Blockades or Breakthroughs?: Aboriginal Peoples Confront the Canadian State debates the importance and effectiveness of blockades and occupations as political and diplomatic tools for Aboriginal people. The adoption of direct action tactics like blockades and occupations is predicated on the idea that something drastic is needed for First Nations to break an unfavourable status quo, overcome structural barriers, and achieve their goals. But are blockades actually breakthroughs? What are the objectives of First Nation communities who adopt this approach?
Aboriginal Knowledge for Economic Development analyzes the benefits, practices and challenges of Mi’kmaw and Maliseet Language Immersion programs, illustrating how these programs provide a solid foundation of worldview, ethics, values and identities that are essential for improved academic success, and examines the Honouring Traditional Knowledge Project, a two-year project to seek Elders’ views on how to include them and traditional knowledge in all aspects of community economic research and development.
Negotiating the Deal: Comprehensive Land Claims Agreements in Canada provides a political science-framed analysis of the factors that explain both completed and incomplete treaty negotiations between First Nations, the Inuit in Quebec and the federal, provincial, and territorial governments of Canada.
Subarctic Peoples is one of the information books in the Heinemann Library series, First Nations of North America. Books in the series offer information to grade four to six students about the cultural history of the major cultural regions of North America. This title discusses the Subarctic culture region of northern Canada and Alaska that includes the Algonquin, the Cree, the Innu, the Ojibwe, and Athabaskan people of Alaska.

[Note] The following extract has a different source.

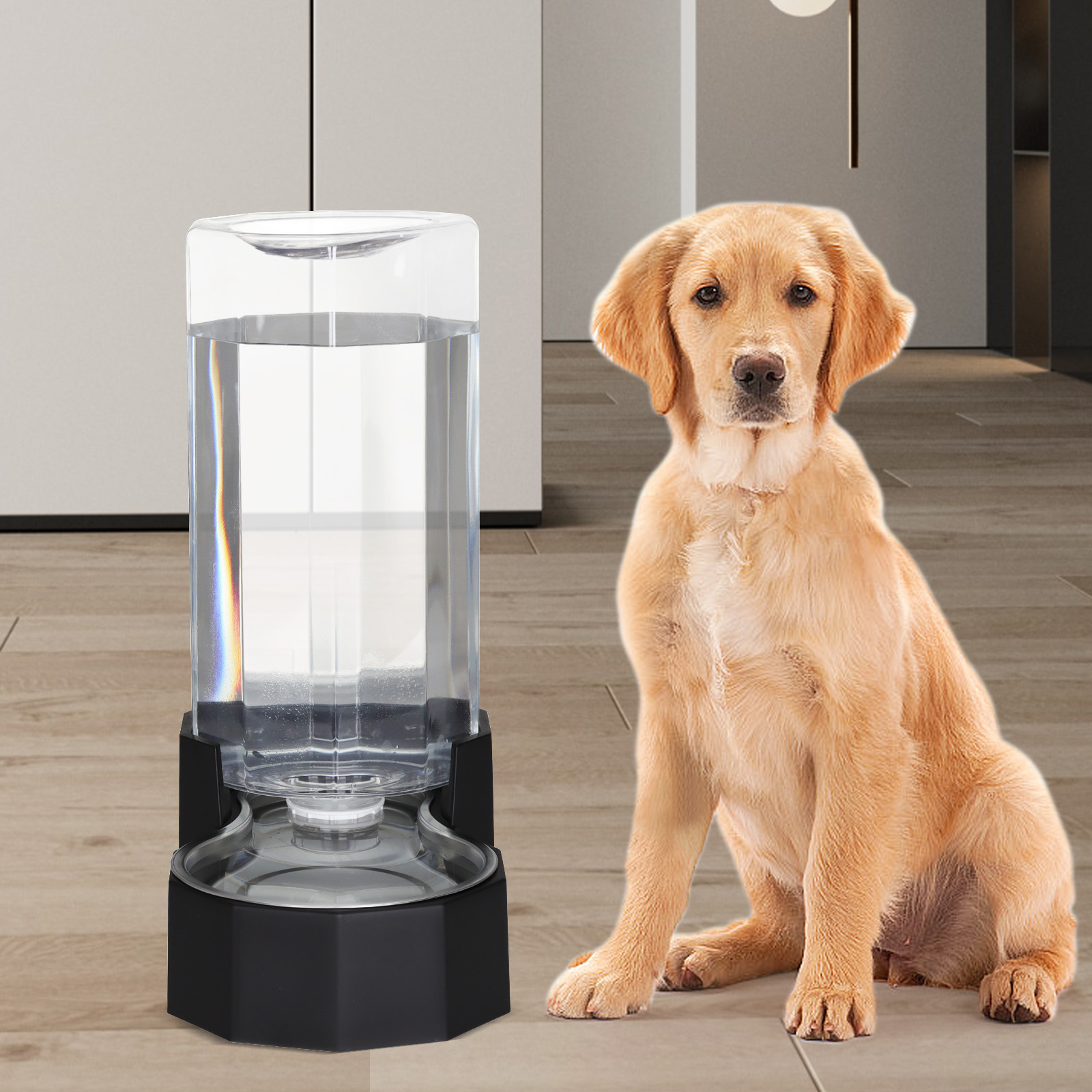 RIZZARI 9L Black Pet Water Dispenser - Automatic Stainless Steel Gravity Pet Feeder for Medium and Large-Sized Dogs and Cats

Quebec Hydropolitics: The Peribonka Concessions of the Second World War is an examination of the effects of dams on the environment, Innu people, and the war effort. Author David Massell, associate professor of history at the University of Vermont, examined the papers of the Franklin D. Roosevelt Presidential Library and interviewed with Innu (Montagnais) elders to create a compelling synthesis of business and social history as well as wartime politics.
In Bathtubs but No Water, Gerry Steele offers the reader a participant observer's perspective on Davis Inlet. An employee of the federal government working with the Mushuau Innu since 1993, Steele explores their oral history of the resettlement process, substance abuse and deaths, and argues that these problems are a direct result of the government's lack of respect for First Nations. In 1992, the Innu tried to regain responsibility for their future, focusing on the traditions and strengths of their own community, but government bureaucracy would not support this partnership.
Hunters in the Barrens: The Naskapi on the Edge of the White Man's World by anthropologist Georg Hendricksen was first published in 1973. This 2010 edition contain a new foreword. The comprehensive study of the Naskapi Indians of Labrador is based on an anthropologist's life with them between 1966 and 1968, when families still followed the traditional pattern of hunting on the barrens during the winter and returning to their coastal settlements in the summer.